### Data for analysis

■ ■ ■ ■ ■ ■ ■

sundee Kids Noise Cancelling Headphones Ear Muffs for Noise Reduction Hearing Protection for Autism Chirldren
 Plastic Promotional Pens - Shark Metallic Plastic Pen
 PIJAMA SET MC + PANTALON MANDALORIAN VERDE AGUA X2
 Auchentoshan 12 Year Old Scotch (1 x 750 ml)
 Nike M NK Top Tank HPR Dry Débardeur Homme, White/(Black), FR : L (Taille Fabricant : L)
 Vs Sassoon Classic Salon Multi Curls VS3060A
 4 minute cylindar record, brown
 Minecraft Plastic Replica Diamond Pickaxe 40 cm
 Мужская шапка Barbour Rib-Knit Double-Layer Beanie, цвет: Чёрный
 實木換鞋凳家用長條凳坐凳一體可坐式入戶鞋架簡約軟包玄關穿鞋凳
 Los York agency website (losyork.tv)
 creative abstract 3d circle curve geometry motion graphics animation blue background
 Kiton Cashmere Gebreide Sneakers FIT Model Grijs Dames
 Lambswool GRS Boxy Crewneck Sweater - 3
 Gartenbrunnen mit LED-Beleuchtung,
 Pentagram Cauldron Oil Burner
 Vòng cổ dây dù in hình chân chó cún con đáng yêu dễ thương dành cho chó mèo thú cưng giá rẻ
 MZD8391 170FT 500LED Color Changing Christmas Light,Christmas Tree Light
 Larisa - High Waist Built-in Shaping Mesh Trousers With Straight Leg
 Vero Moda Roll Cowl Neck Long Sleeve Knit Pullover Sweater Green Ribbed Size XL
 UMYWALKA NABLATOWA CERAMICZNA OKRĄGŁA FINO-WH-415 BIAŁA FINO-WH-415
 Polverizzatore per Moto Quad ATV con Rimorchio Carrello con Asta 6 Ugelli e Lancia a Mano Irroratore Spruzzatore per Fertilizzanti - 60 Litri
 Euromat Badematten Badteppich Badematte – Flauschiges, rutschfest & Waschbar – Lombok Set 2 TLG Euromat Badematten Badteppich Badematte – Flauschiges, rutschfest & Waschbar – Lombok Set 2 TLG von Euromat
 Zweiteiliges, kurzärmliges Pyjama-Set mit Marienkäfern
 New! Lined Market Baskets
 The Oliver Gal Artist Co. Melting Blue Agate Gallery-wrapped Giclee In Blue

■ ■ ■ ■ ■ ■ ■

### Work item
Please reproduce, exactly as they appear above, the lines from the line containing "Pentagram Cauldron Oil Burner" up to and including the line containing "New! Lined Market Baskets".

### Result of the exercise
 Pentagram Cauldron Oil Burner
 Vòng cổ dây dù in hình chân chó cún con đáng yêu dễ thương dành cho chó mèo thú cưng giá rẻ
 MZD8391 170FT 500LED Color Changing Christmas Light,Christmas Tree Light
 Larisa - High Waist Built-in Shaping Mesh Trousers With Straight Leg
 Vero Moda Roll Cowl Neck Long Sleeve Knit Pullover Sweater Green Ribbed Size XL
 UMYWALKA NABLATOWA CERAMICZNA OKRĄGŁA FINO-WH-415 BIAŁA FINO-WH-415
 Polverizzatore per Moto Quad ATV con Rimorchio Carrello con Asta 6 Ugelli e Lancia a Mano Irroratore Spruzzatore per Fertilizzanti - 60 Litri
 Euromat Badematten Badteppich Badematte – Flauschiges, rutschfest & Waschbar – Lombok Set 2 TLG Euromat Badematten Badteppich Badematte – Flauschiges, rutschfest & Waschbar – Lombok Set 2 TLG von Euromat
 Zweiteiliges, kurzärmliges Pyjama-Set mit Marienkäfern
 New! Lined Market Baskets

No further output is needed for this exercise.